Are alphas born?
by Andrea Elizabeth
My new thought on western romanticism, mostly born out here in posts on C.S. Lewis’s Allegory of Love, where it is claimed that courtly love began around 1100 a.d. (which seems timely with the schism between east and west, imo), is that it is very tied to alpha male and alpha female ism. I believe most people identify with lead characters in stories of dashing heroes who save beautiful princesses. Even if we do not believe ourselves to be as dashing and beautiful as the people in the stories, we probably hoped that we would be when we were children, and that hope may still be unhappily buried throughout life. I am thinking that this may be a western phenomenon.
In western chivalry, all spoils go to the victor who rules over the kingdom, from where he selects the most worthy lady to co-rule with him. Those who lose in this struggle either die or become meaningless servants, valued for their tributes only. Thus the appeal of western romanticism is to identify yourself as the victorious, special male or worthy, special female, even vicariously. I’m also thinking this plays into the American dream of individual home ownership. “A man’s home is his castle.” There’s really no room for equal community in this scheme. Even supporting American laborers are allowed some measure of this individual alpha identification after hours.

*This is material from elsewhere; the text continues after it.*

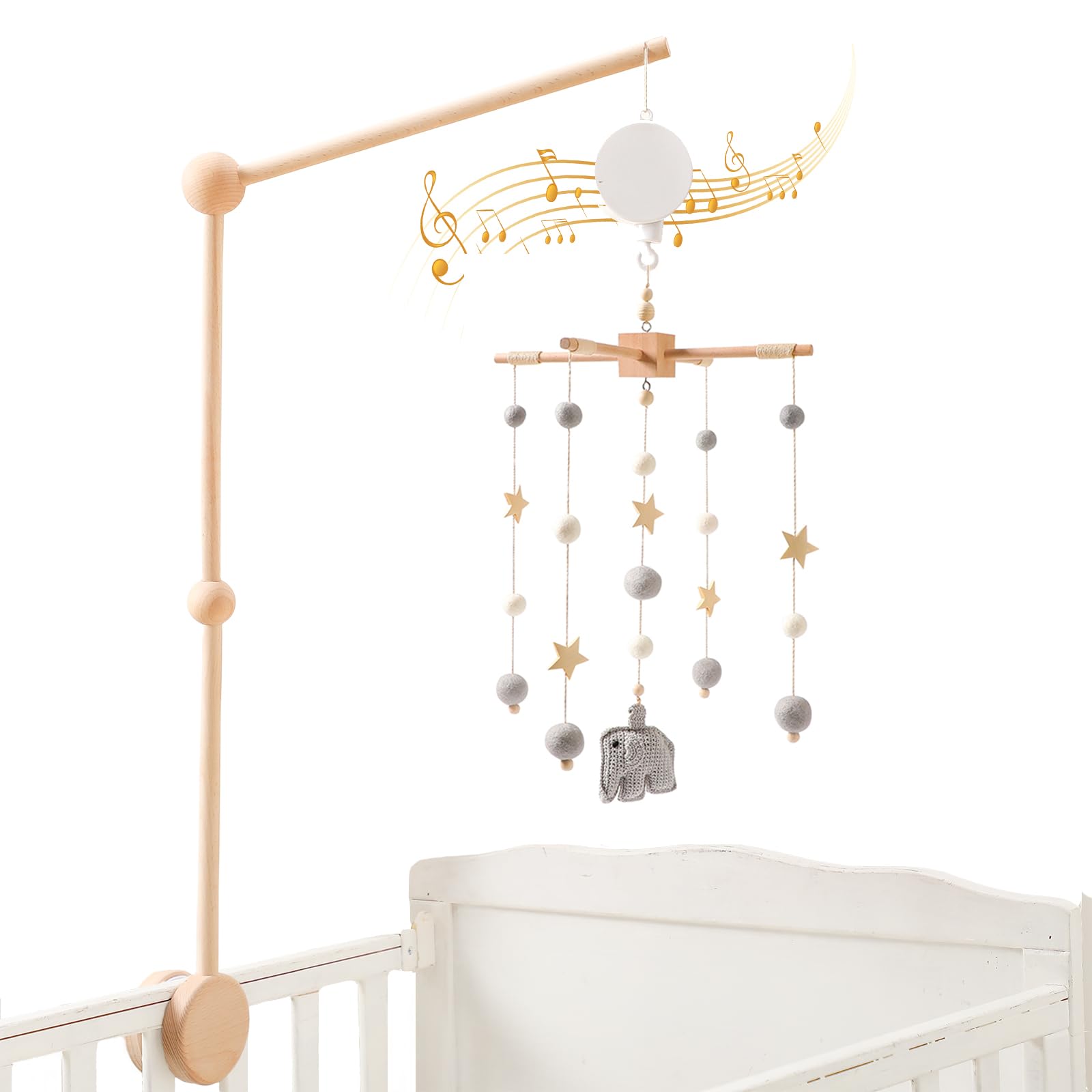 Amazon | ベッドメリー アーム オルゴール 手巻き ベビー メリー 木製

From what little I know of Russia and Russians, where Eastern Orthodoxy has been most largely played out, I do not get the same sense of order. It seems that things were mostly a free for all, even though strong men and women held sway. But it was not because they were the most romantically worthy. They best not go to sleep because anyone could take back from them at any time. Individual conquering men do not seem to have been held in the same savior role. Individually strong characteristics may push harder than others, but I don’t think the whole person was glorified in the same way.
This difference may affect how the east views spiritual fathers and elders. A western convert, or even a western influenced cradle Eastern Orthodox, may bring in the western romantic idea of a spiritual father being their alpha savior to whom they can pledge allegiance, and perhaps through whom they can become the alpha queen equivalent (don’t get too literal about gender here) in their own realm. This idea may need adjustment.
I believe the proper view of a spiritual father is that they can guide one on the path to becoming united to Christ through passing along the three fold path of salvation: purgation, illumination, and theosis. He is a guide who serves, not a romantic savior. I think this confusion also influences how we view veneration of the Saints. To view them as chivalric saviors is idolatry. To see them as guides to the proper worship in and belief about God is to see them as helpers. They should also identify with us as equally created fellow humans, not as special alpha people.
I think this unhealthy romanticism also influences how people, especially women and perhaps some men, see mentoring in general. It should not be about the personal association with an alpha male, it should be about guidance in the truth of how to be with God.